Ci sono figli che a quarant’anni ancora non si sentono davvero nati. Figli apparentemente autonomi, capaci, realizzati… ma sempre sul filo. Sempre trattenuti da un vincolo invisibile e antico, fatto di colpa, dovere, lealtà. Non è magia nera: è il cordone ombelicale emotivo mai tagliato.
Uno degli scenari più complessi è quello in cui un genitore, spesso depresso o emotivamente fragile, diventa un punto fermo… ma solo perché ingombrante. Il figlio, ormai adulto, non riesce a vivere pienamente. Si trattiene, si frena, si colpevolizza. Ogni scelta di libertà – un viaggio, una relazione, una nuova casa – viene valutata in base al potenziale “danno” arrecato al genitore. “E se poi sta male?”, “Come farebbe senza di me?”, “Si sente già tanto solo…”
Ma chi è davvero quel genitore?
Spesso è una madre o un padre che ha vissuto a metà, che ha sacrificato desideri e passioni, che ha trasformato il figlio nel proprio investimento emotivo primario. E quel figlio – oggi adulto – si sente invischiato in una trappola sottile: il dovere di “non farlo soffrire” e la sensazione, sempre più opprimente, di non avere diritto alla gioia.
La depressione genitoriale come freno alla vitalità
La depressione di un genitore può diventare il più potente inibitore della felicità di un figlio. Soprattutto se, sin da piccolo, quel figlio è stato il “contenitore” delle emozioni difficili del padre o della madre. Non stupisce allora che, arrivato alla soglia della propria piena espressione, questo figlio si blocchi. Non perché non ne sia capace, ma perché sente che farlo sarebbe un tradimento.

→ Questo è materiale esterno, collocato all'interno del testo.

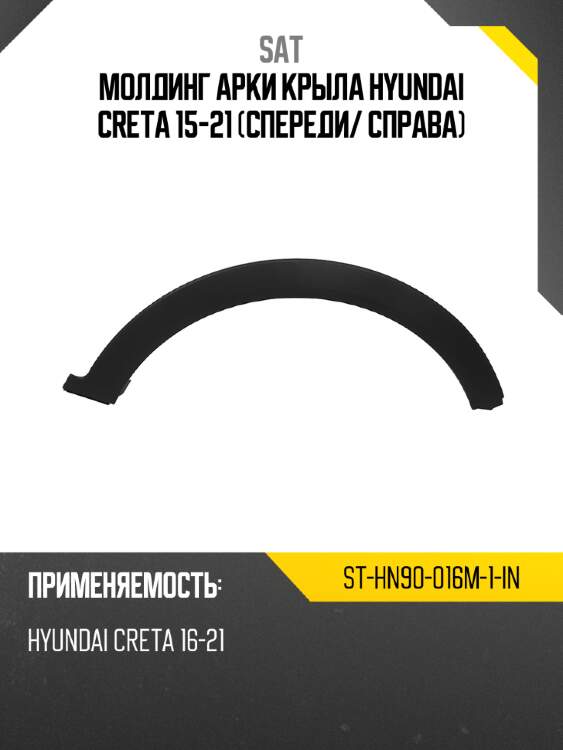 Молдинг арки крыла hyundai creta 15-21 спереди sat st-hn90-016m-1-in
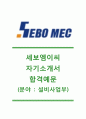 [세보엠이씨자기소개서]세보엠이씨자소서+[면접기출문제]_세보엠이씨공채자기소개서_세보엠이씨채용자소서_세보MEC자기소개서_SEBOmec자소서 1페이지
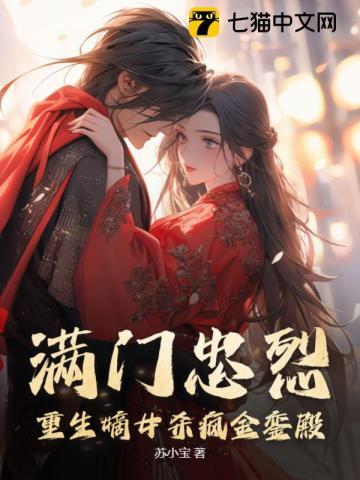 只要有血条,神明也杀给你看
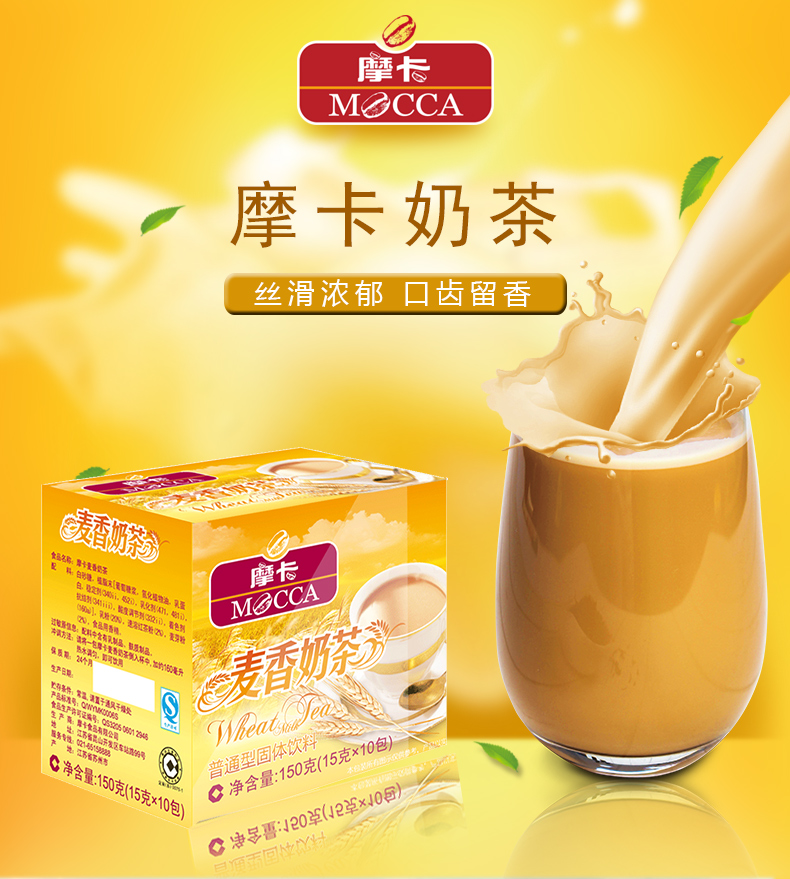 摩卡咖啡(mocca)麦香奶茶 丝滑可口 速溶饮品 150g/盒(15g*10包) 冬季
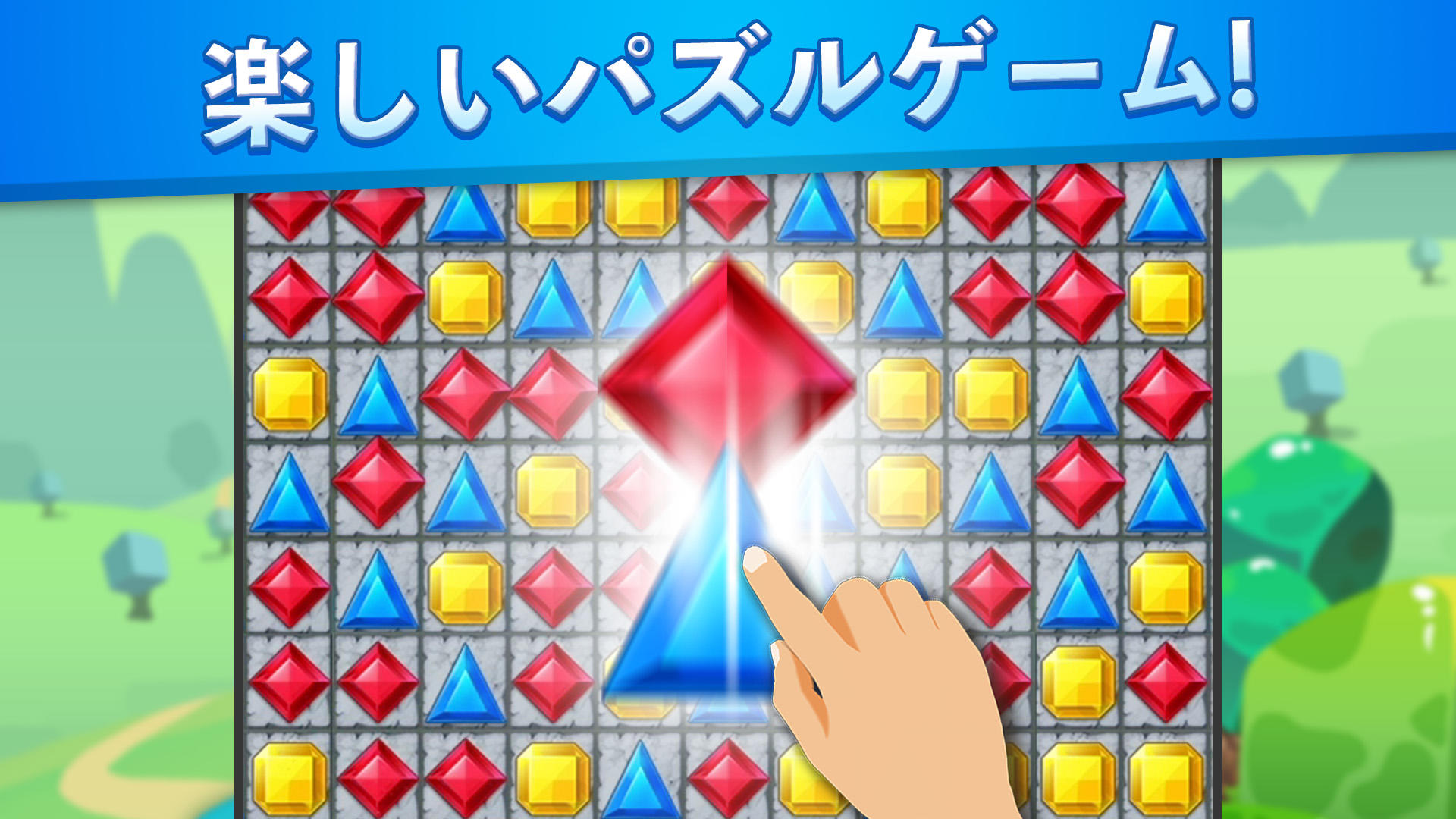 Jewel Match King ゲームのスクリーンショット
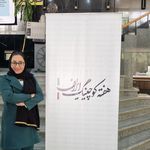 دکتر روانشناس اعظم حیدری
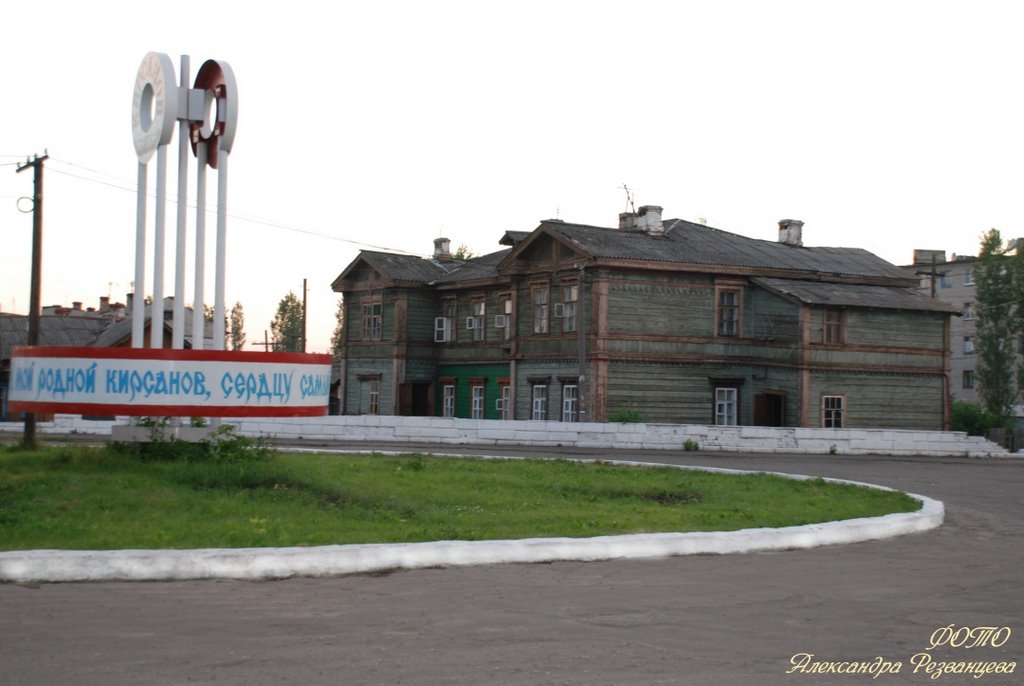 Привокзальная площядь, Кирсанов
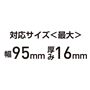対応サイズ<最大>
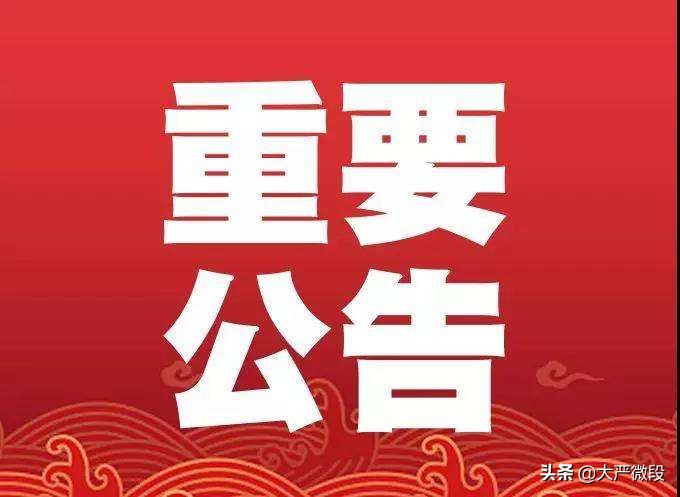 澳门马开奖查询结果今天开什么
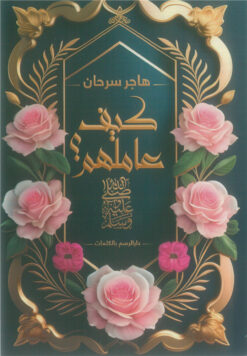 كيف عاملهم؟ | ISBN 9789778678130 | Kalimat Store
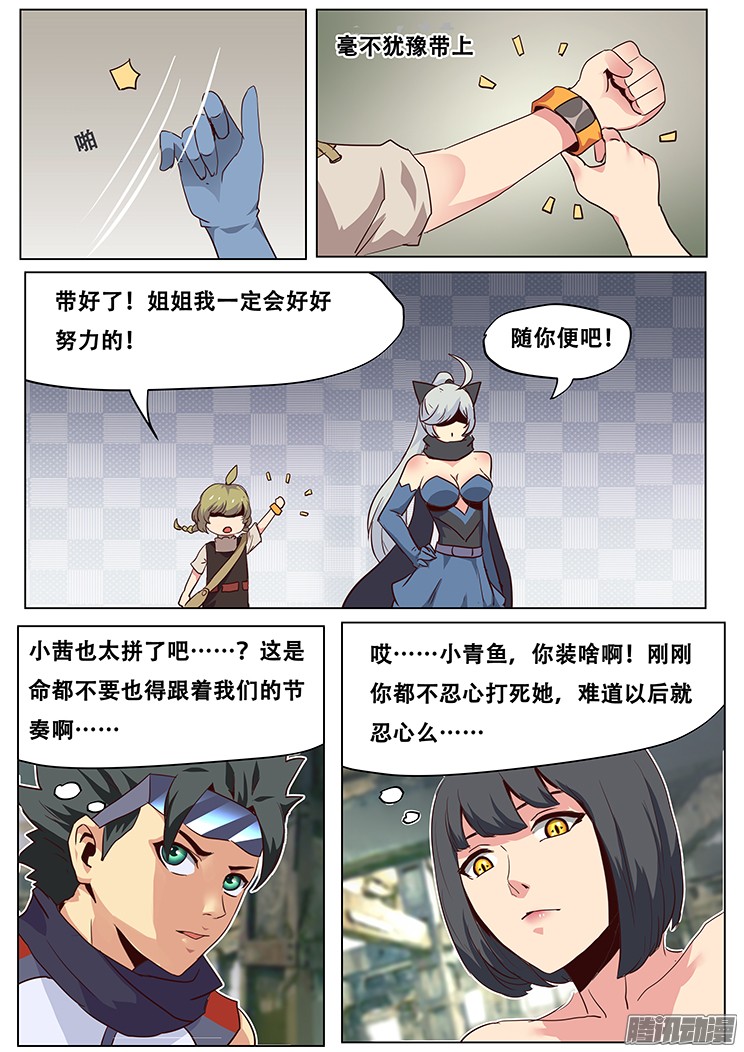 妹子与科学035有必要么？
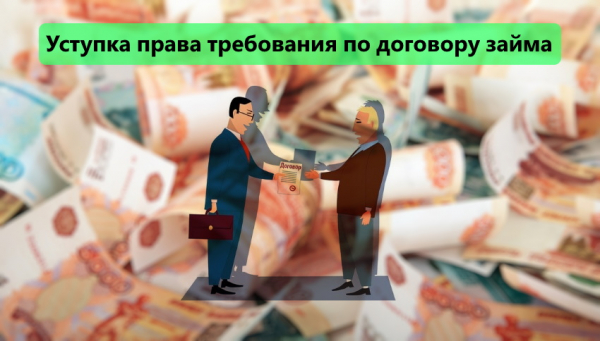 Оформление уступки права требования по договору займа: основные правила, участники сделки Оформление уступки права требования по договору займа: основные правила, участники сделки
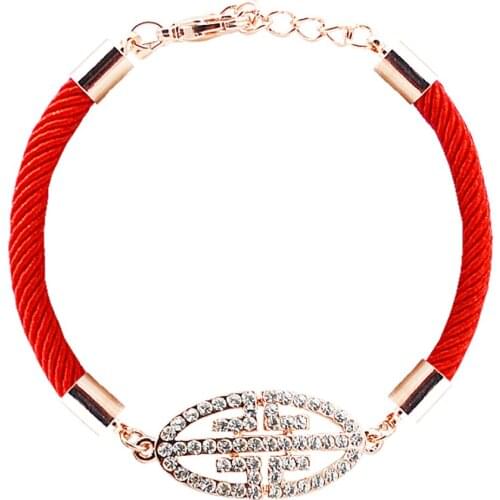 Yijiangbeiting Red Bracelets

Eppure, non esiste tradimento nella libertà. Il tradimento, semmai, è stato chiedere – in modo implicito – al figlio di farsi garante della propria stabilità. È quando i genitori non si curano della propria salute emotiva che, in modo subdolo, chiedono ai figli di farlo al posto loro. Ed è lì che si crea il paradosso: il figlio per “amore” rinuncia a vivere. Ma quel sacrificio non genera benessere in nessuno.
La rabbia (anche) contro il genitore
E qui entra in scena la rabbia. Quella vera. Quella che spesso viene repressa sotto forma di ansia, senso di colpa o malessere cronico. Ma c’è, eccome. È la rabbia per essere stati trattenuti, per non aver potuto godere della leggerezza, per aver dovuto scegliere sempre “l’altro” prima di sé stessi.
Ed è una rabbia che non va diretta genericamente “alla vita”, ma ha un indirizzo preciso: il genitore. Anche se “poverino”, anche se “non ce la fa”, anche se “è malato”. Non si tratta di colpevolizzarlo, ma di riconoscere quanto, in modo inconsapevole, abbia chiesto al figlio di non vivere davvero. È una rabbia che può essere urlata o silenziosa, manifesta o agita in altri modi. Ma c’è, e va vista.
Solo riconoscendola, questa rabbia può essere trasformata. Altrimenti continuerà a nutrirsi nel corpo e nella mente, come un veleno a lento rilascio.
Separarsi per vivere
Il vero atto di nascita, in questi casi, è psichico. Tagliare il cordone non significa dimenticare, rinnegare o abbandonare. Significa riconoscere che il compito del figlio non è salvare il genitore. Significa assumersi il diritto di vivere pienamente, anche se questo può mettere a disagio chi ci ha generato.
La psicoterapia può essere un luogo prezioso per dare voce a tutto questo: alla rabbia, al senso di colpa, alla paura di deludere. E per imparare, gradualmente, che essere figli non vuol dire essere schiavi. E che si può amare anche da lontano. Anche da liberi.